» **What needs to be done**
Print the line containing "Floral MAMA tee (Customizable!)" and all lines after it to the end of the records below, exactly as written. No pictures.

» **Records**

------------------------------------------------------------

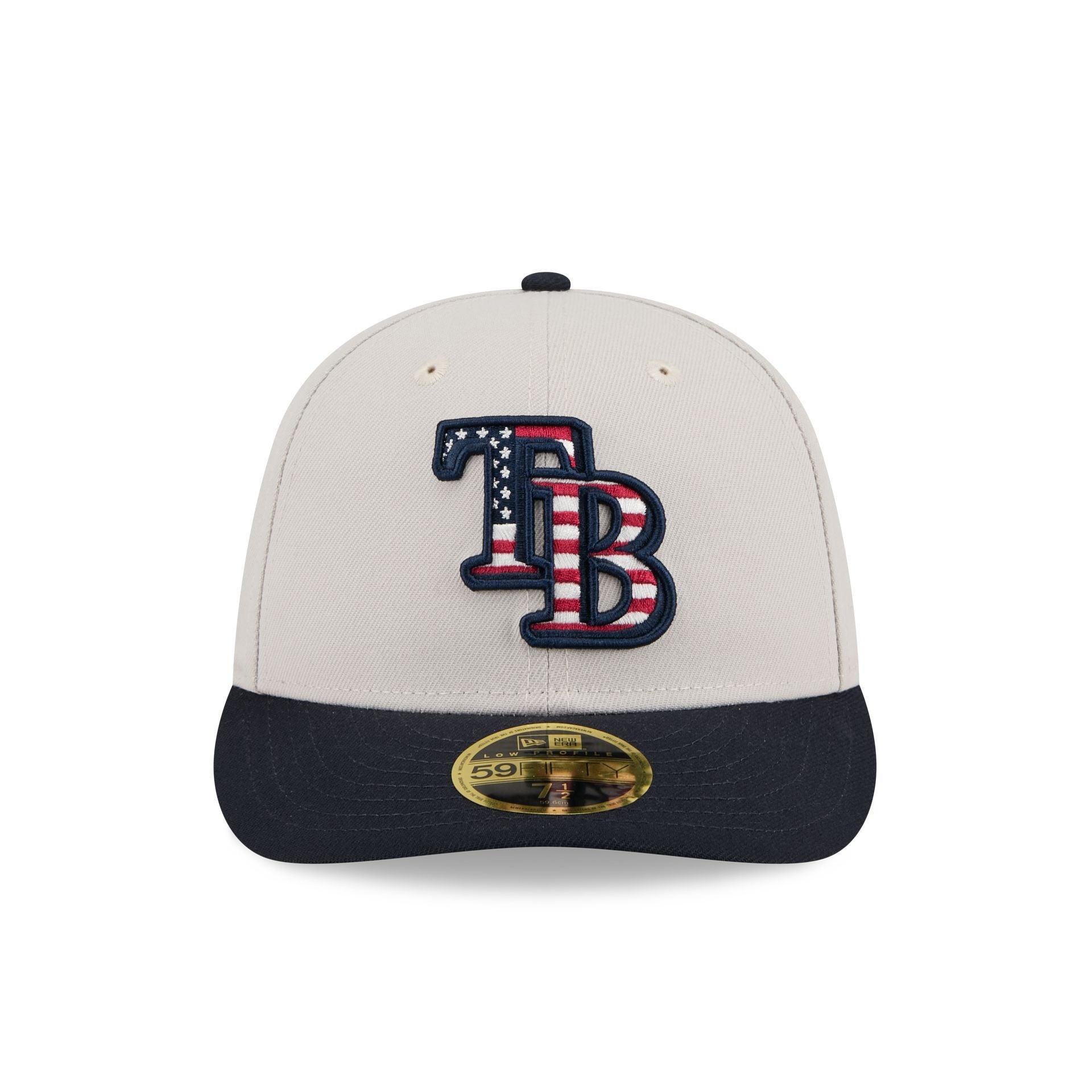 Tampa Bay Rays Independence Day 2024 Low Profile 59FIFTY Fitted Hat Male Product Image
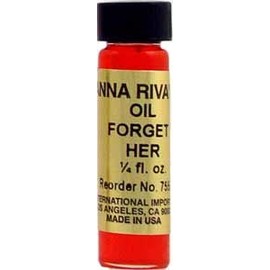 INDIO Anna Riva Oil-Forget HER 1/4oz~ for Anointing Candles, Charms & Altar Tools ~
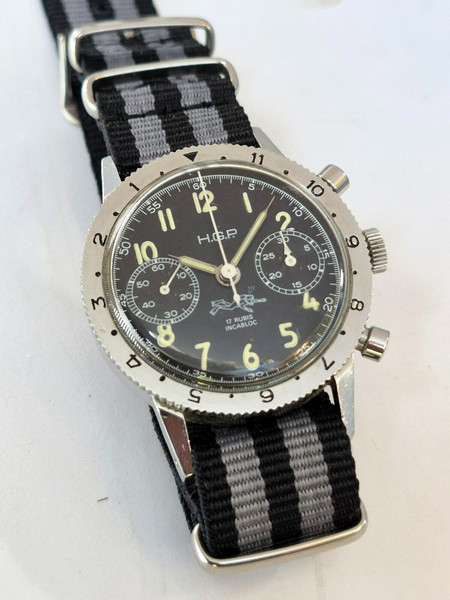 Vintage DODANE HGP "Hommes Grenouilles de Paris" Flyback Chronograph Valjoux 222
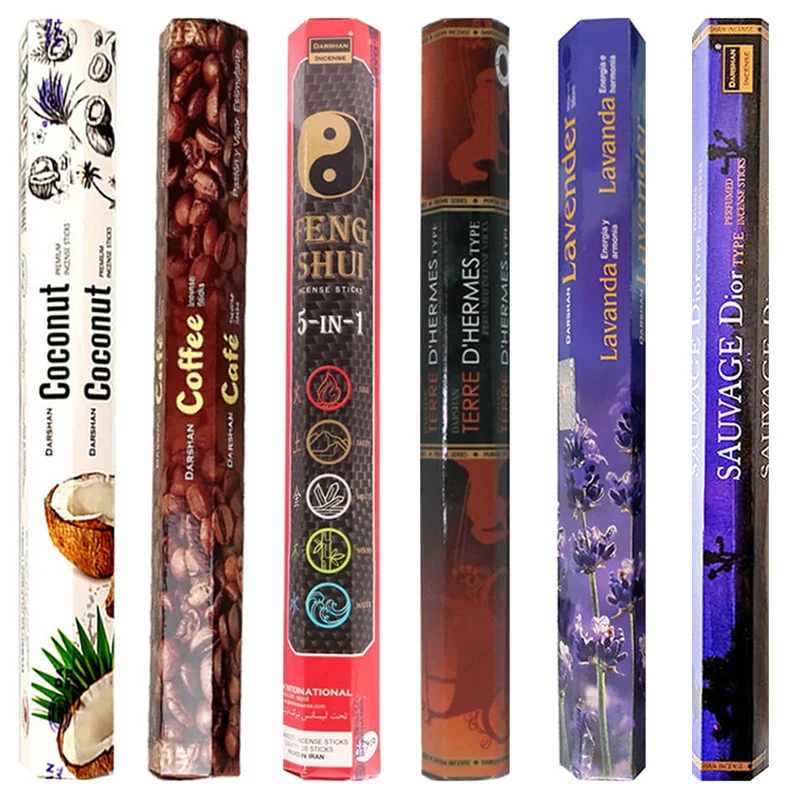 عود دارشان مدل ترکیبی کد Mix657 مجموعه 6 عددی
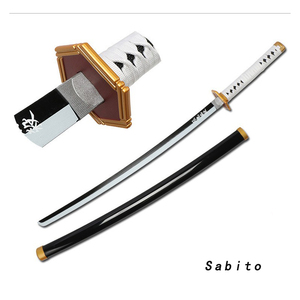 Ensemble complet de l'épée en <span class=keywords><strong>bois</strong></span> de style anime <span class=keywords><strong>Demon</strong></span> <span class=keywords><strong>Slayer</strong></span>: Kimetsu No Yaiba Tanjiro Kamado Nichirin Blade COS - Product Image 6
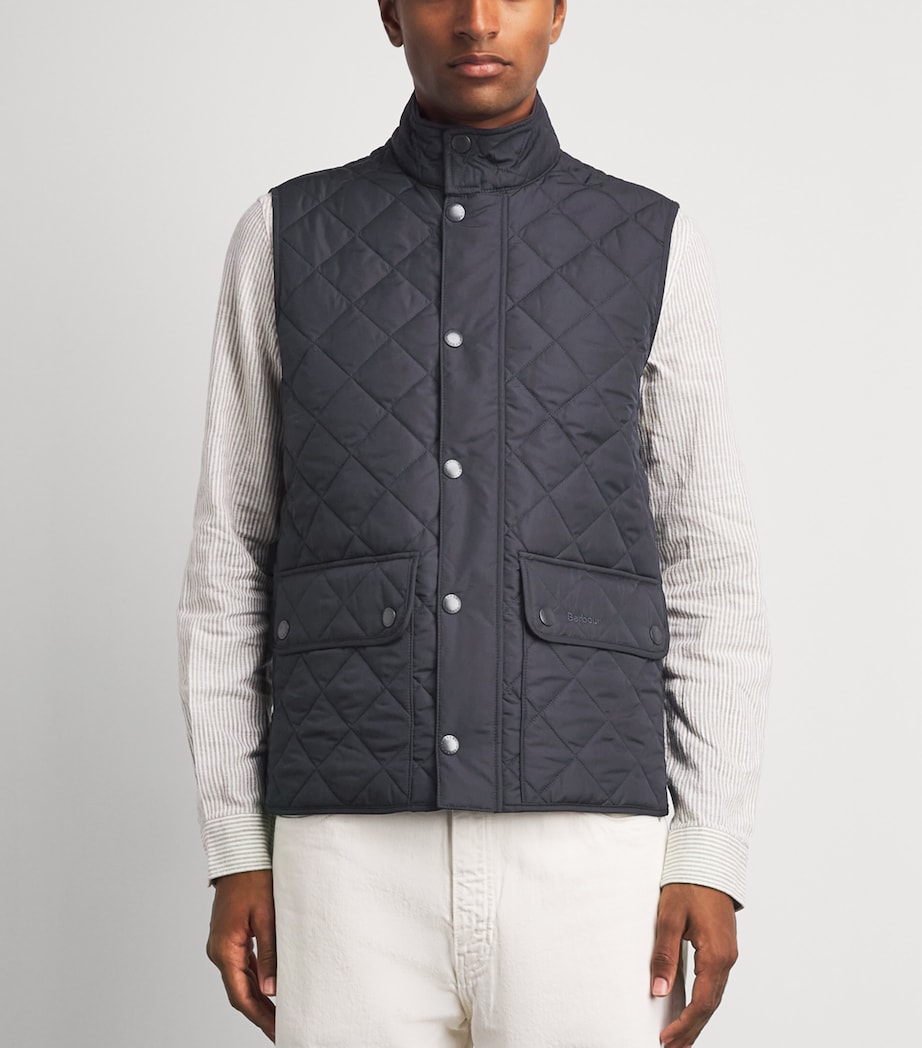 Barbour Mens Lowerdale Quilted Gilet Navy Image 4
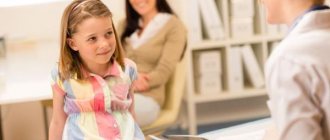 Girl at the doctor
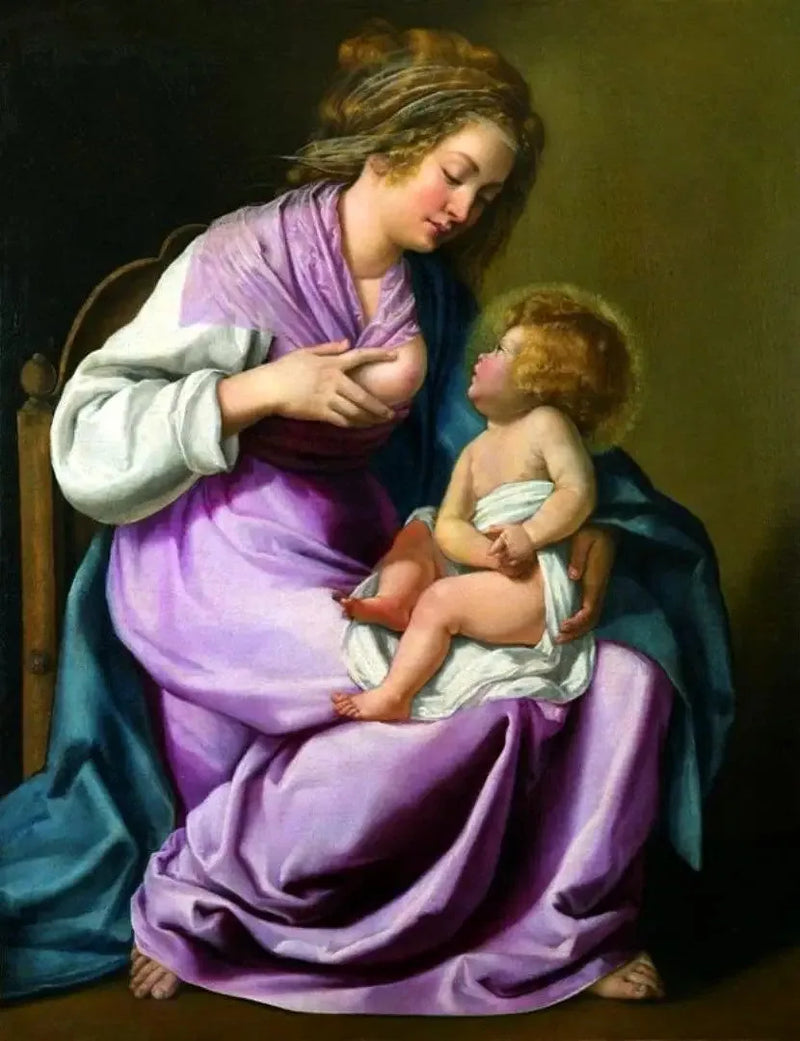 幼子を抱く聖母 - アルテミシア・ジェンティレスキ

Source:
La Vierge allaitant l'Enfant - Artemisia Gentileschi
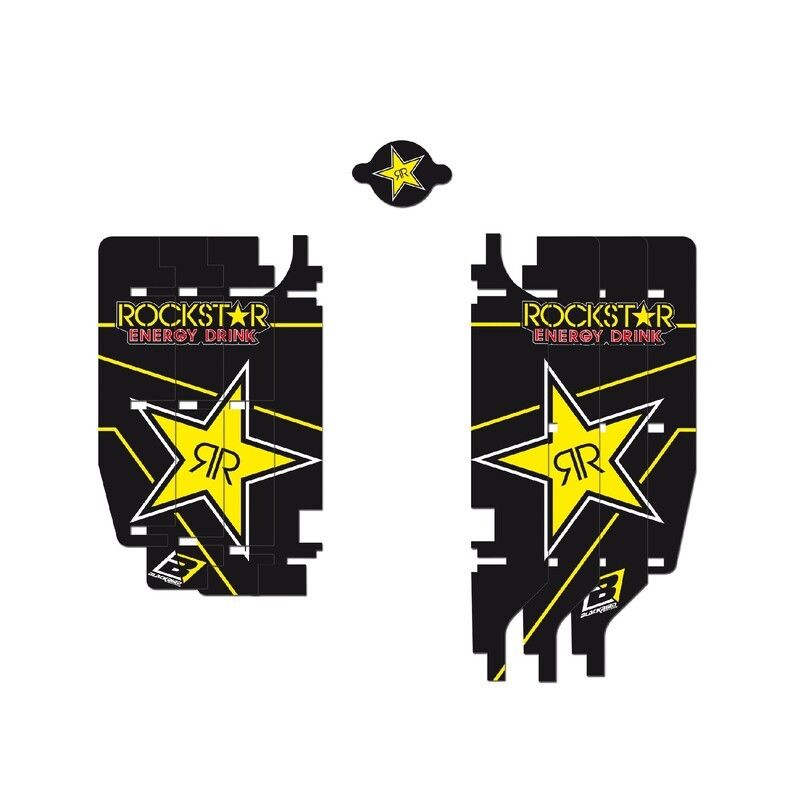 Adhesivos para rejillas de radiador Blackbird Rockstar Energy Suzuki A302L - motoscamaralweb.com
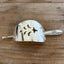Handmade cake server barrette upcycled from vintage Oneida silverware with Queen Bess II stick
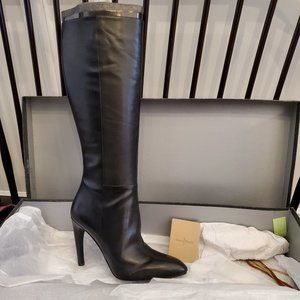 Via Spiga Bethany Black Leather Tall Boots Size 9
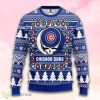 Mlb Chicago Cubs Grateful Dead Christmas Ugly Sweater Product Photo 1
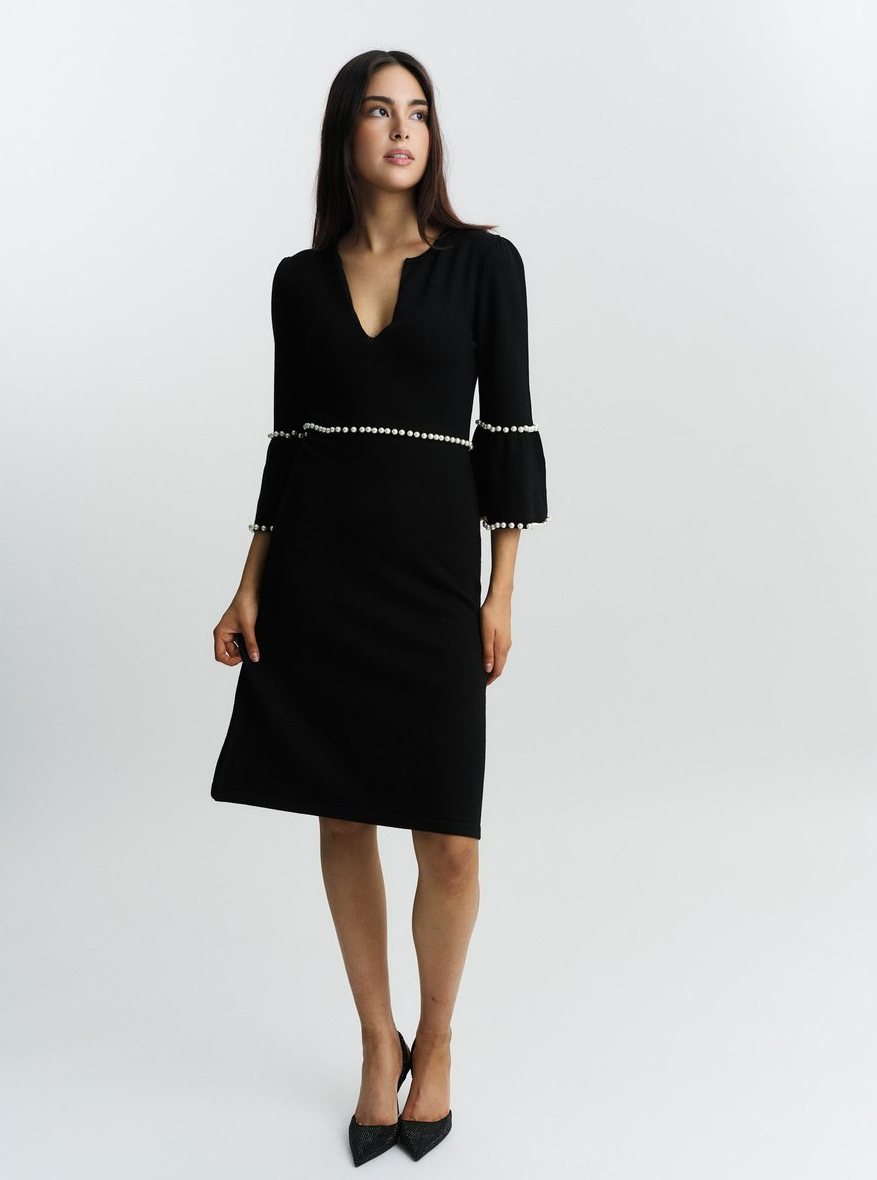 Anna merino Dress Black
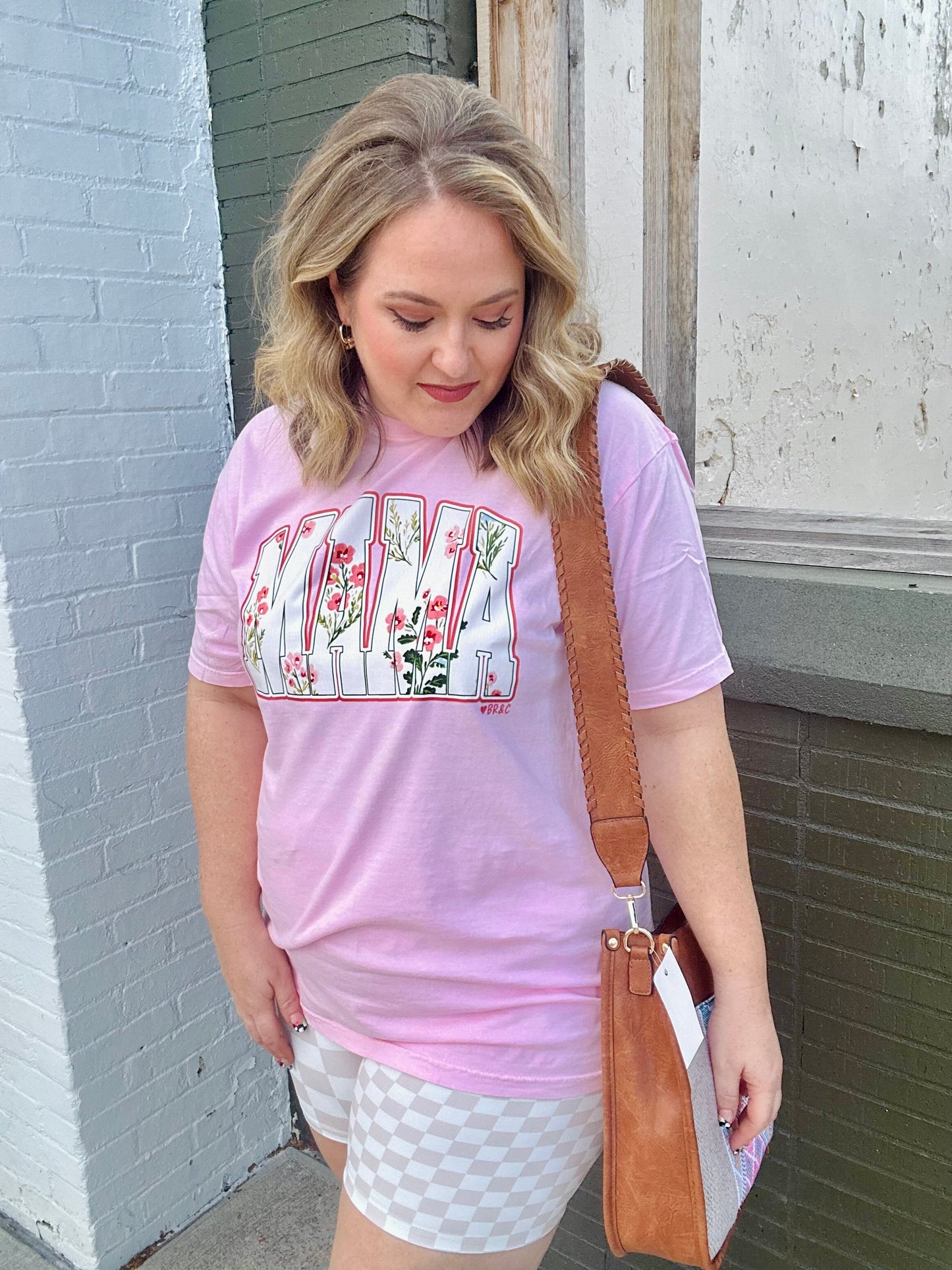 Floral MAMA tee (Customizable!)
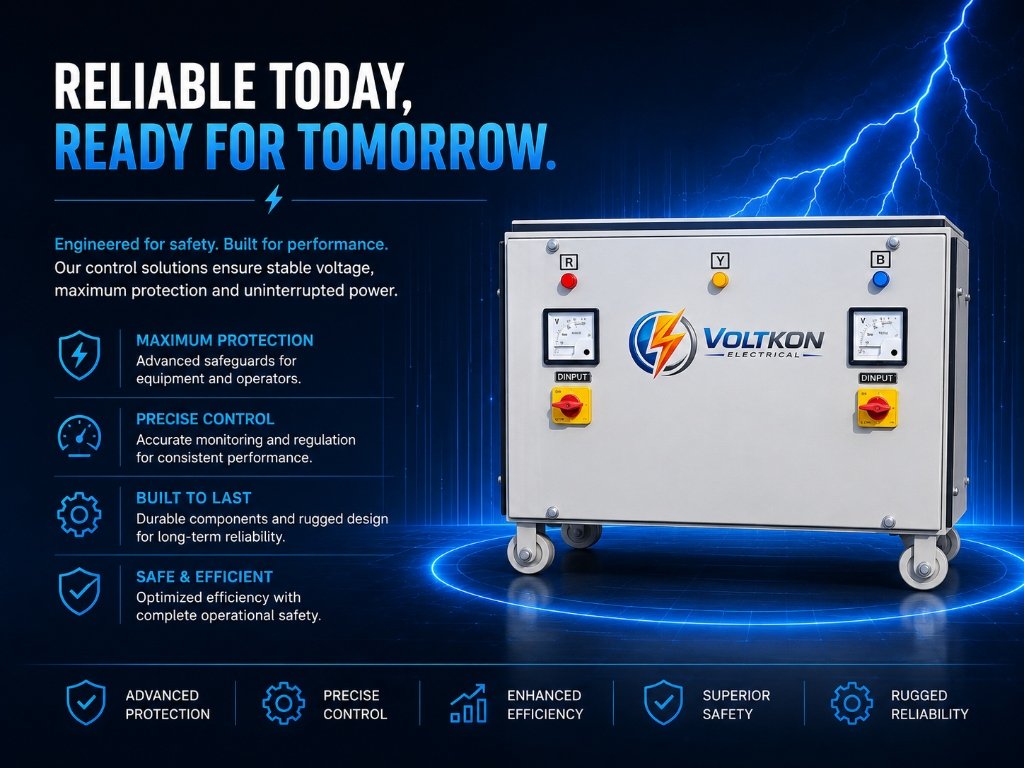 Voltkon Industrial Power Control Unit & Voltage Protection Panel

------------------------------------------------------------

» **Reply**
 Floral MAMA tee (Customizable!)
 Voltkon Industrial Power Control Unit & Voltage Protection Panel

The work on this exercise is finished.